Türkiye'de yalan haberden umduğunu bulamayan malum çevreler, yurt dışındaki gazete ve dergilerde kara propagandaya devam ediyor. Amerika'da bir sürü yalan haber neşrettirdiler. Şimdi Almanya'da aynı şeyleri deniyorlar. Hali hazırda bir çoğu tekzip yemiş, yalanlanmış ve yalan olduğu ortaya çıkmış görüşleri alarak bir haber derlemiş Alman dergisi. Camiayı bir gizli bir tarikat gibi göstererek, Alman toplumuna korku salıyor. Bu tip haberlerde görülüyor ki bu ülkede ulusalcı ve solcu görüntü vererek Amerika düşmanlığı ve Batı karşıtlığı yapanlar, söz konusu Müslümanlar olunca anında ajanlık ve muhbirlik havasına giriyor. Mevcut korkuları körüklemek adına bir takım yalanlar uyduruluyor. İçeride Avrupa'ya dair nefret üretip duran ulusalcılığı, "solculuk" kılıfı altında pazarlıyorlar. İlginç. Oysa yalancının mumu her yerde en fazla yatsıya kadar yanabiliyor...
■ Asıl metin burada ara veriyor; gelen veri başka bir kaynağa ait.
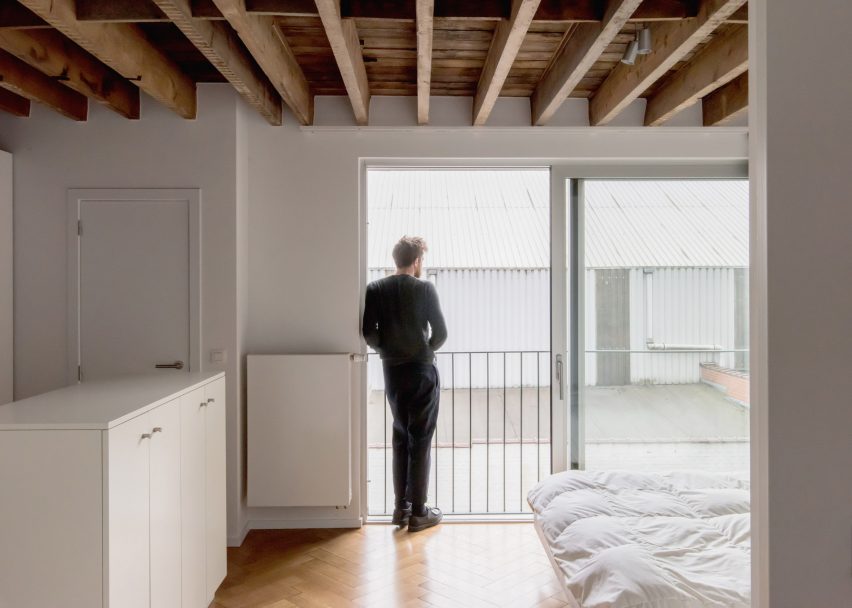 Renier Chalon by Mamout and AUXAU Atelier
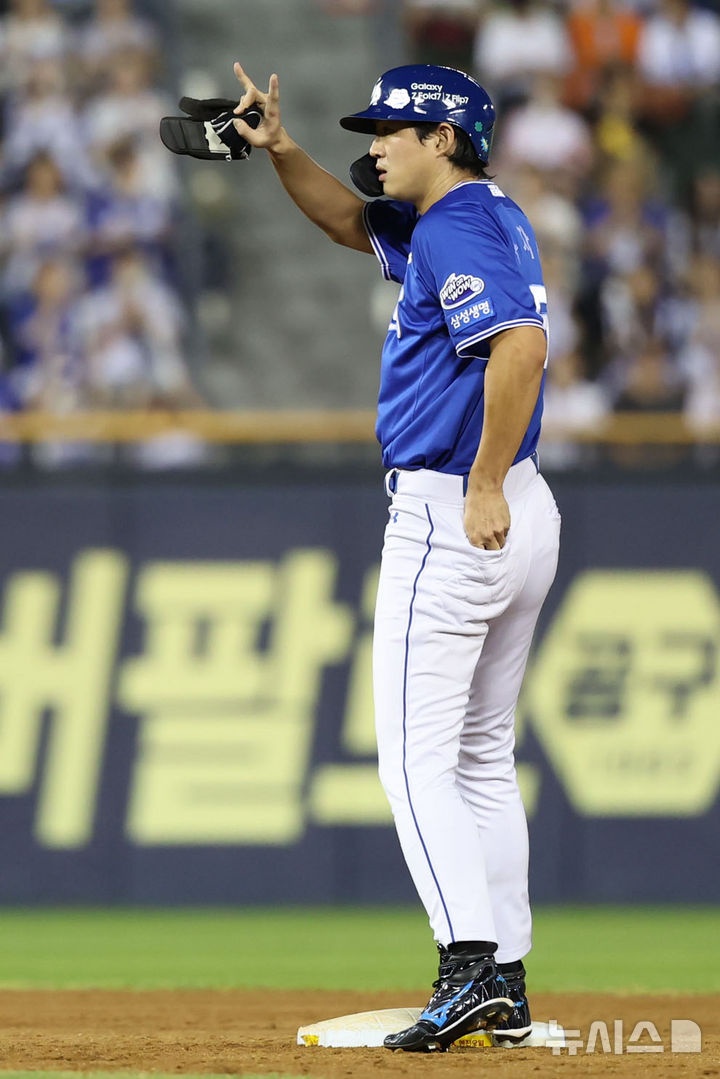 [서울=뉴시스] 권창회 기자 = 28일 서울 송파구 잠실야구장에서 열린 KBO리그 두산 베어스와 삼성라이온즈의 경기, 5회 초 2사 주자 1,2루 삼성 구자욱이 2타점 2루타를 친 뒤 기뻐하고 있다. 2025.08.28. kch0523@newsis.com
Suriye'de yaşanan feci katliam sürüyor. Bu arada bazı maskeler de ardı ardına düşüyor. Mesela İran. Artık açıkça görülüyor ki bu ülkenin tek bir değer yargısı var: Şii taassubu. Türkiye'ye dost olmadıkları da teröristlere verdikleri destek küstah beyanlarından anlaşıldı. Esed hayranları ile İran yanlılarının tek bir ortak noktası var: Mezhep dayanışması. Hiçbir İslami ve insani duyarlılığı kalmamış bir devletin yalan rüzgârıyla oluşturduğu hava daha ne kadar ne kadar devam edebilir ki?